Entre idées farfelues, scissions, coups fourrés et un pu-putsch, le parti politique de Thierry Baudet, Forum voor Democratie, se réduit à l’insignifiance.
Le 23 septembre, au Parlement à La Haye, lors du débat de politique générale, M. Baudet admonestait des organisations juives néerlandaises “de ne pas s’approprier les souffrances pendant la deuxième guerre mondiale”. Il réagissait à leur demande de condamner le port de l’étoile jaune par des manifestants vaccinosceptiques. M. Baudet fait figure de leur porte-parole le plus important, même s’il ne va pas bien sûr jusqu’à porter l’étoile lui-même ! Mais il soutient ceux qui, comme lui, voient des similitudes entre les restrictions liées au Covid-19 et les mesures prises contre les Juifs pendant l’Occupation. “La guerre n’appartient pas à certains groupes ou à certaines ethnies” a ajouté M. Baudet en guise de réponse aux organisations juives. Ce qui revient, selon les détracteurs du député, à accuser les Juifs d’exagérer leur souffrance au détriment d’autres victimes.
Des provocations décriées
Dans un tweet récent, M. Baudet avait écrit Holocauste sans majuscule, ce qui pourrait être une erreur d’orthographe innocente, mais de plus entre guillemets, ce qui l’est moins. Il a eu beau dire que sa fiancée était juive, et qu’il s’entraînait à la gym dans un T-shirt de Tsahal, le mal était fait. C’est tout comme si le leader politique ne voulait rater aucune occasion d’encourir des reproches d’antisémitisme!
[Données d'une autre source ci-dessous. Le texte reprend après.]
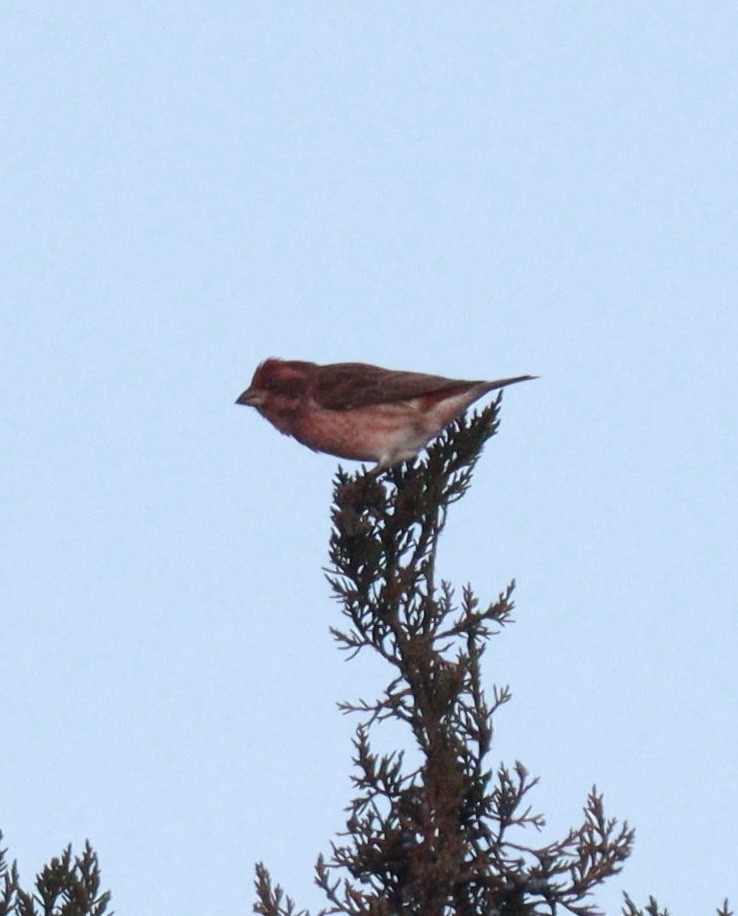 Purpurgimpel - ML645495918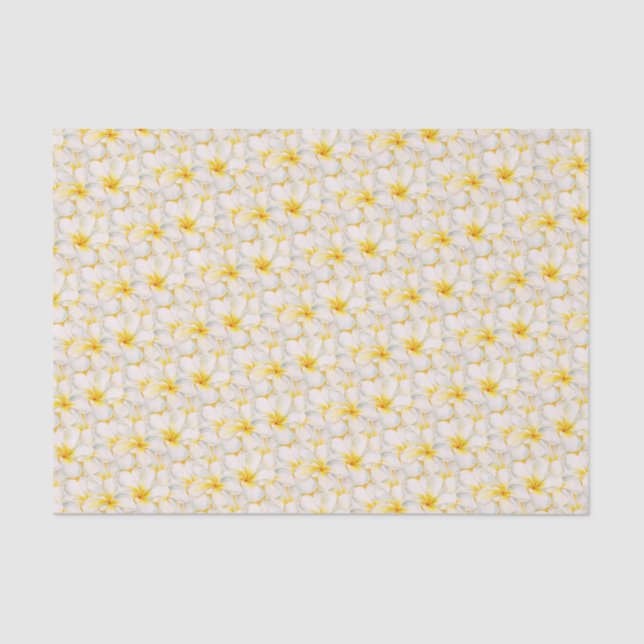 Papier Mousseline Motif d'aquarelle fleurie Frangipani (Recto)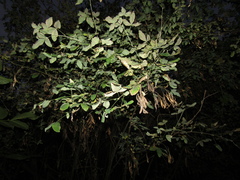 Laburnum × watereri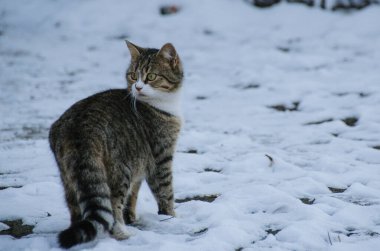 Karda yürüyen güzel genç bir kedi. Kışın tatlı kedicik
Ajoutez à cela que M. Baudet vient de qualifier un journaliste d’ »homo » (parce que ce dernier respectait les règles sanitaires au Parlement qui déconseillent les poignées de mains), et son projet fantasque de construire une communauté d’adhérents composée de ses dévoués, et l’image d’un intellectuel perdant le Nord se concrétise. M. Baudet est un récidiviste. En mai, il avait déjà choisi le jour où les Néerlandais commémorent solennellement leurs morts pendant la Seconde Guerre mondiale pour comparer l’occupation nazie aux restrictions anti-Covid. “Et dire qu’on aurait pu jouer un rôle politique de premier plan!” se désolait alors un ex-dirigeant de Forum voor Democratie qui, las de ces provocations, forma son propre groupuscule parlementaire.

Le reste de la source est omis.